*Dataset extract:*
'''

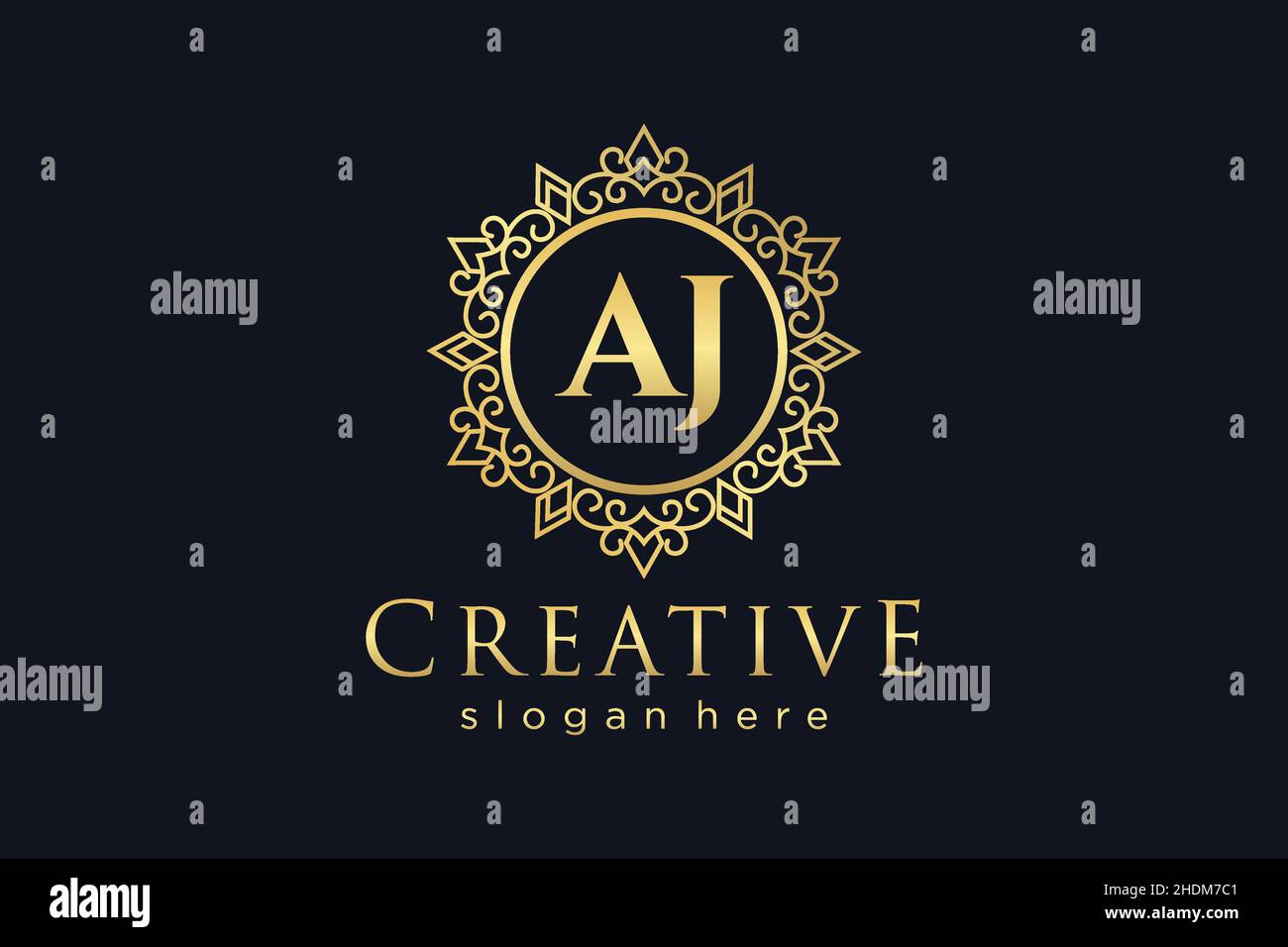 AJ Initial Letter Luxury calligraphic feminine floral hand drawn heraldic monogram antique vintage style luxury logo design Premium Stock Vector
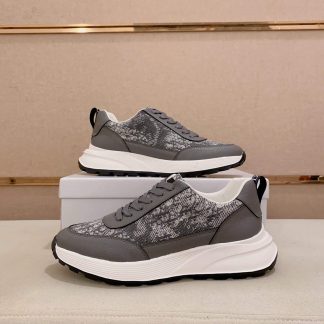 Dior Dior Oblique Jacquard and Grained Leather Runner Sneaker in Grey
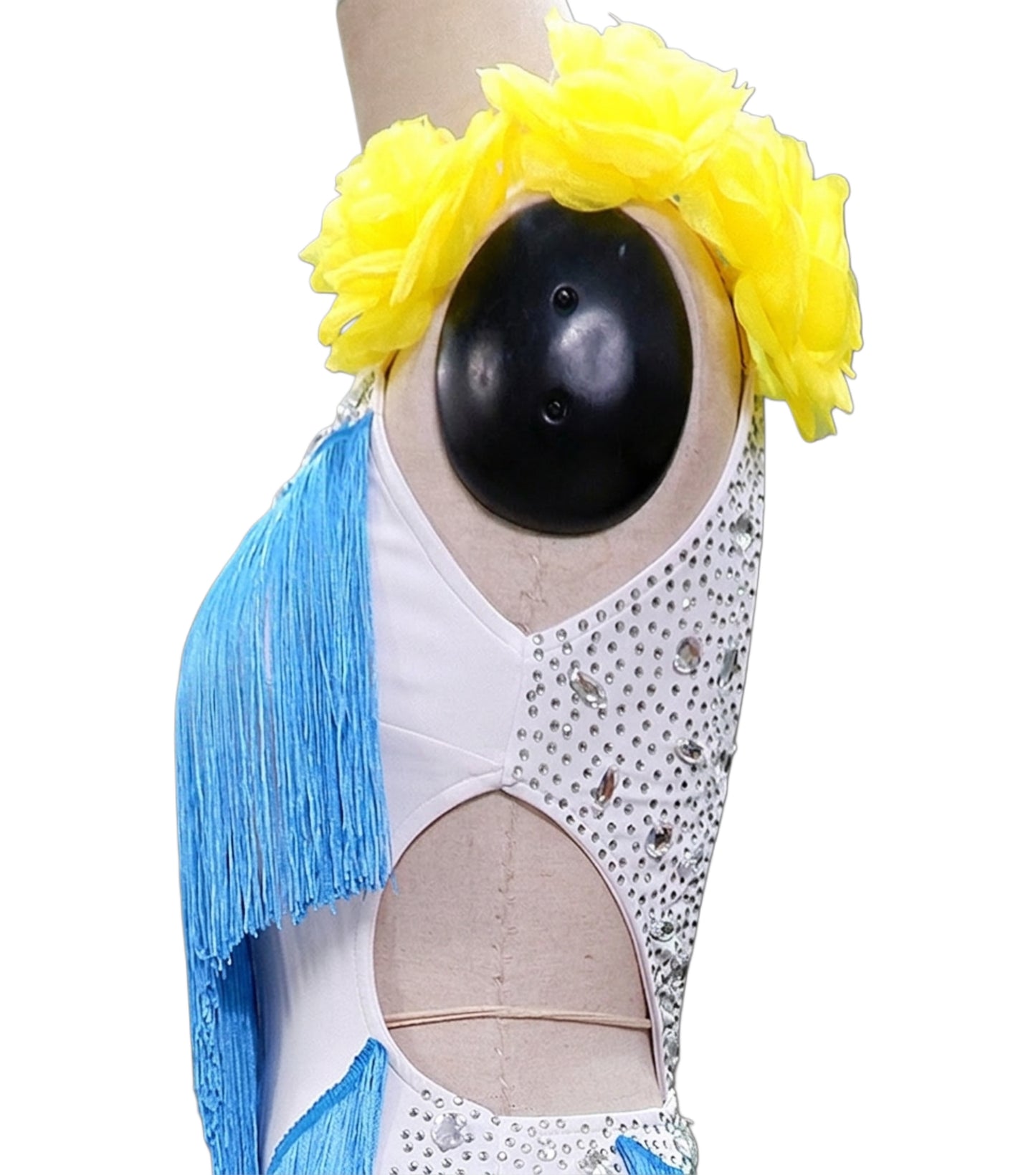 ByCharme White Brown Blue Fringes Latin Salsa Competition Dress - BCL-0168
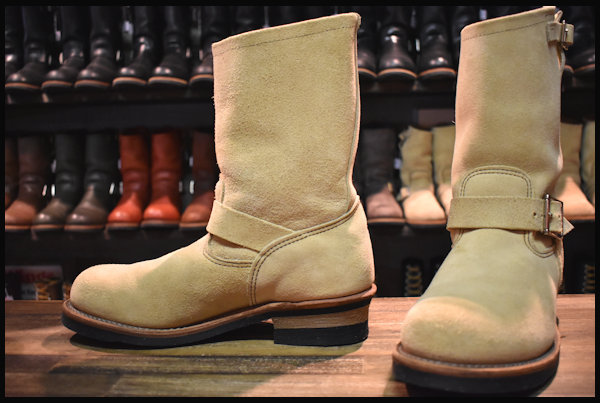 【9D 美品 13年】レッドウィング 8268 スエード エンジニア ブーツ ホーソーンアビレーンラフアウト スチールトゥ redwing HOPESMORE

'''

Could you output the lines above exactly, with no pictures included?

 AJ Initial Letter Luxury calligraphic feminine floral hand drawn heraldic monogram antique vintage style luxury logo design Premium Stock Vector
 Dior Dior Oblique Jacquard and Grained Leather Runner Sneaker in Grey
 ByCharme White Brown Blue Fringes Latin Salsa Competition Dress - BCL-0168
 【9D 美品 13年】レッドウィング 8268 スエード エンジニア ブーツ ホーソーンアビレーンラフアウト スチールトゥ redwing HOPESMORE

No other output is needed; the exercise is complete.